> Exercise: Return the lines of the material below exactly, beginning with the line that has "Brand new travel" in it and finishing with the line that has "Fahrzeugabbildung CUPRA Leon" in it. Leave all pictures aside.

> Given information:
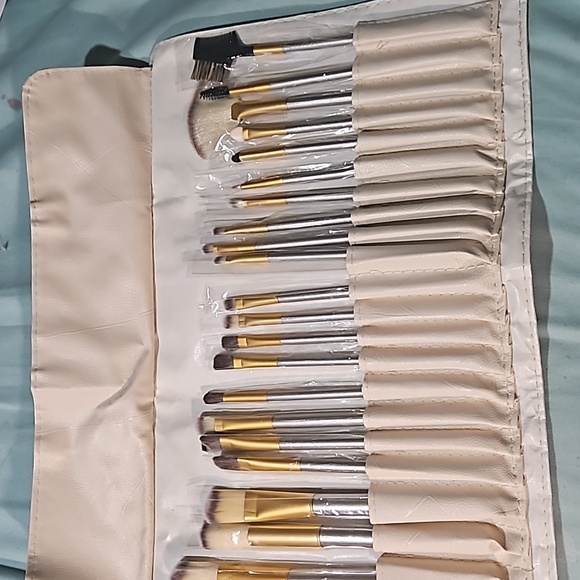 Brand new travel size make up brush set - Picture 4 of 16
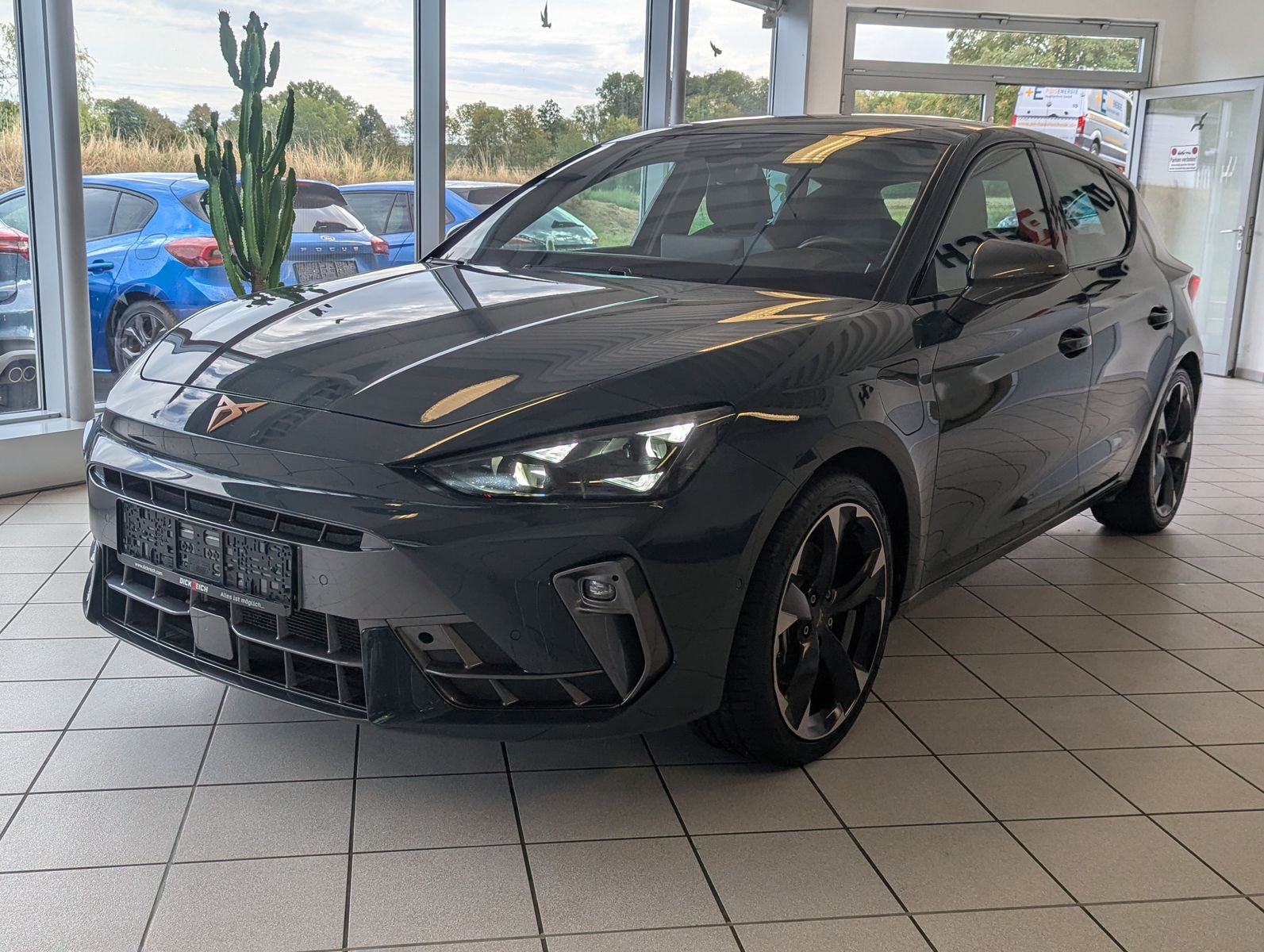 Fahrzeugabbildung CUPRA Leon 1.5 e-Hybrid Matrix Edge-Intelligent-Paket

==

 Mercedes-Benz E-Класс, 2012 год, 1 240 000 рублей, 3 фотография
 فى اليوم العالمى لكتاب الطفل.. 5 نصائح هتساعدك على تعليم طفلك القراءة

> Task answer:
 Brand new travel size make up brush set - Picture 4 of 16
 Fahrzeugabbildung CUPRA Leon 1.5 e-Hybrid Matrix Edge-Intelligent-Paket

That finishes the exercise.